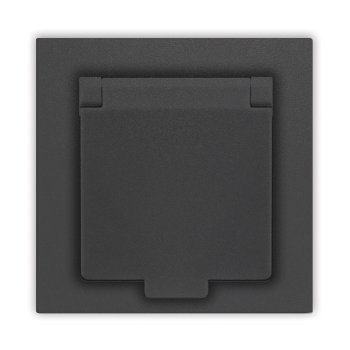 Розетка Афина 1-ая с/з крышка графит (10)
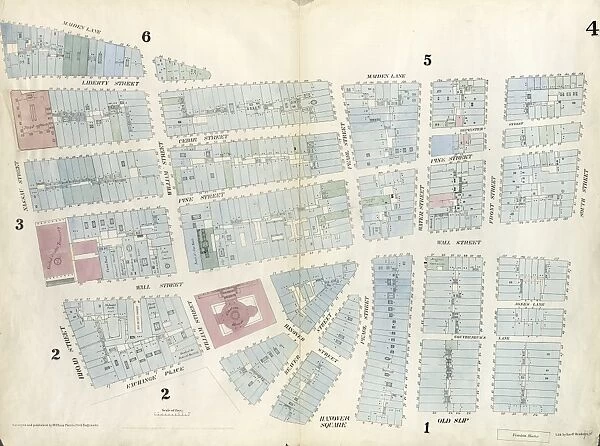 Plate 4: Map bounded by Maiden Lane, South Street, Old Slip, William Street, Exchange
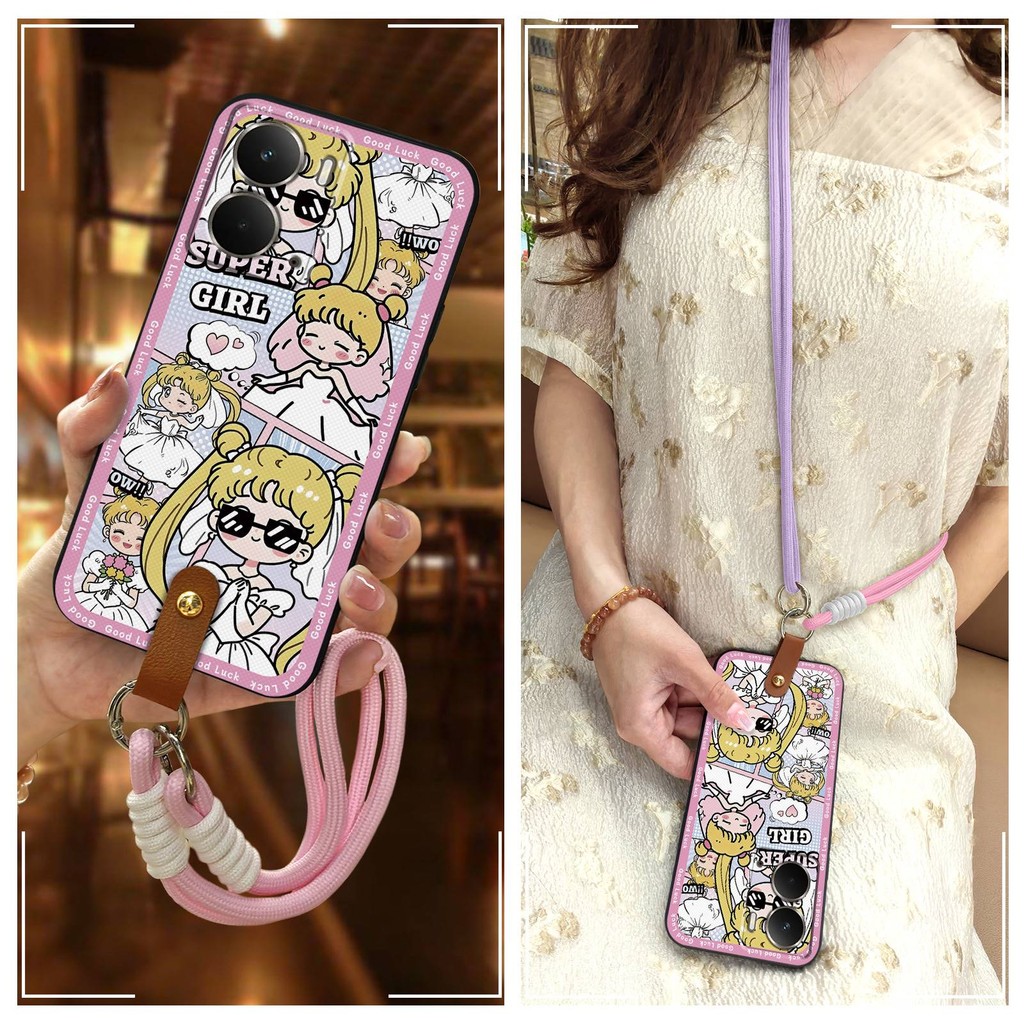 Creative Diagonal OPPO Realme Neo7X/Realme 14 รุ่นในประเทศ/P3 5G เคสโทรศัพท์สายรัดข้อมือการ์ตูนป้องก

Task to complete:
Only the listing above, set down exactly and without pictures, belongs in the answer.

Solution to the exercise:
 Розетка Афина 1-ая с/з крышка графит (10)
 Plate 4: Map bounded by Maiden Lane, South Street, Old Slip, William Street, Exchange
 Creative Diagonal OPPO Realme Neo7X/Realme 14 รุ่นในประเทศ/P3 5G เคสโทรศัพท์สายรัดข้อมือการ์ตูนป้องก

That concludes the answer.